WORK TO COMPLETE
Copy the data exactly. Images are the one exception.
+---+
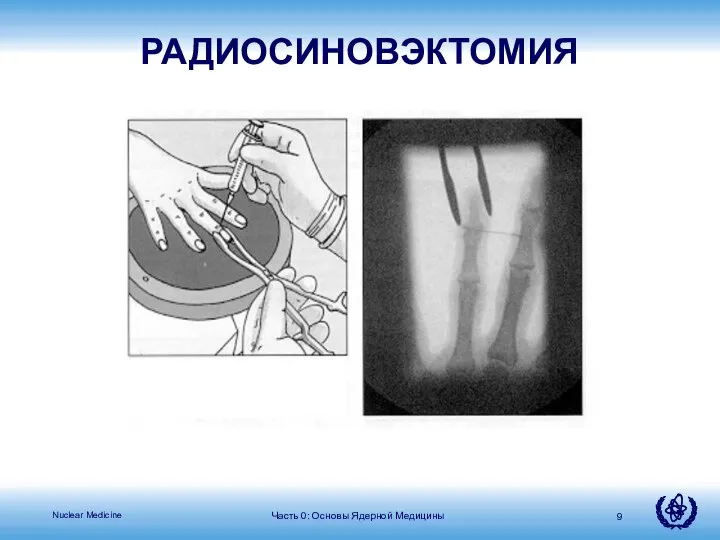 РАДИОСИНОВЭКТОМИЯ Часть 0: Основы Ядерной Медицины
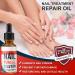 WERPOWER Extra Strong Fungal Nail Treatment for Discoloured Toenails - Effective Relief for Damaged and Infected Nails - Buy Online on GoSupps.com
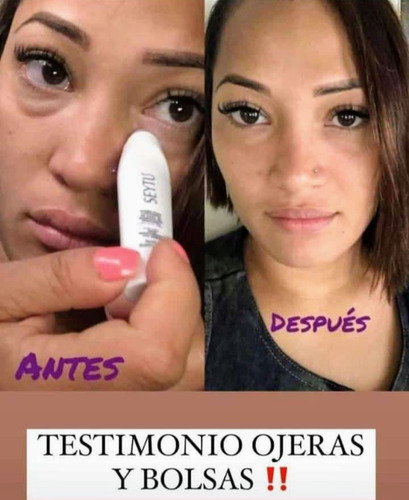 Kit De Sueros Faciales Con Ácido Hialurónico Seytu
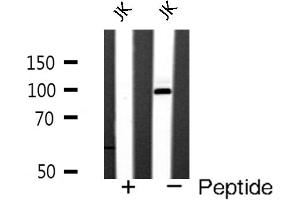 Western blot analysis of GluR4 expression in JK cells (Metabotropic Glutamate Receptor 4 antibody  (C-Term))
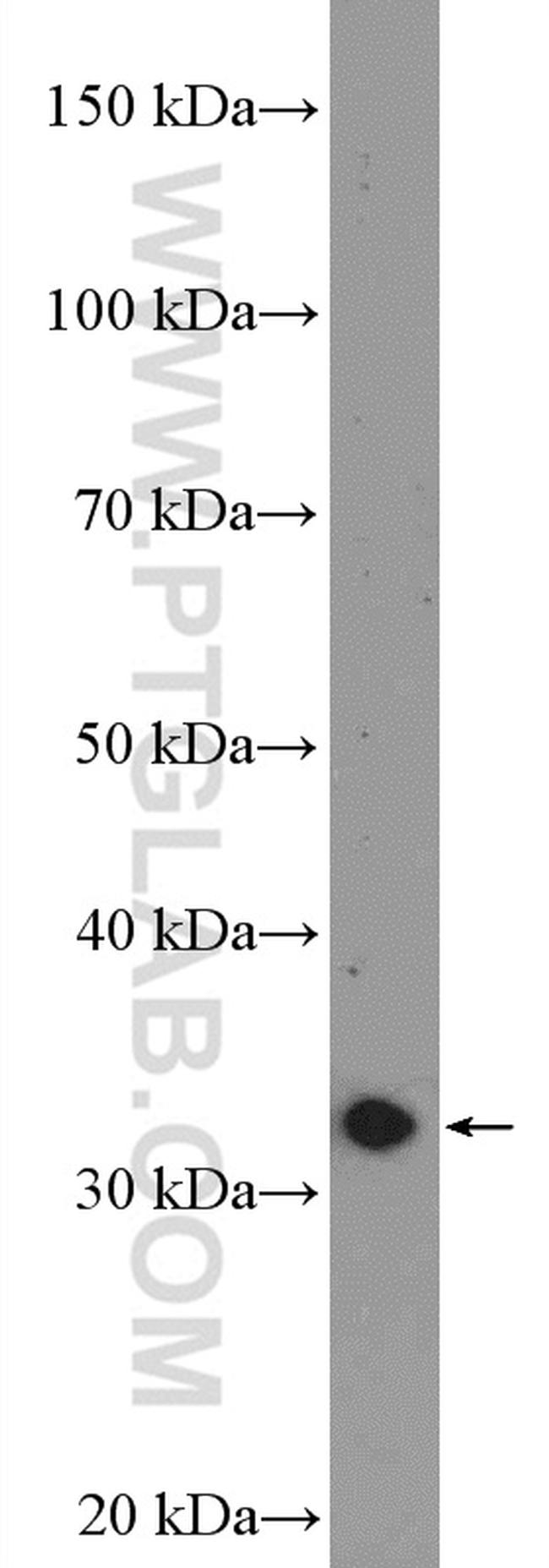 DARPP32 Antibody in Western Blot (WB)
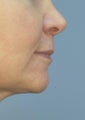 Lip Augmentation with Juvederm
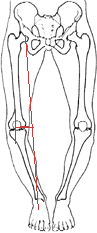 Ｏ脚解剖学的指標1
+---+
PROBLEM SOLUTION
 РАДИОСИНОВЭКТОМИЯ Часть 0: Основы Ядерной Медицины
 WERPOWER Extra Strong Fungal Nail Treatment for Discoloured Toenails - Effective Relief for Damaged and Infected Nails - Buy Online on GoSupps.com
 Kit De Sueros Faciales Con Ácido Hialurónico Seytu
 Western blot analysis of GluR4 expression in JK cells (Metabotropic Glutamate Receptor 4 antibody  (C-Term))
 DARPP32 Antibody in Western Blot (WB)
 Lip Augmentation with Juvederm
 Ｏ脚解剖学的指標1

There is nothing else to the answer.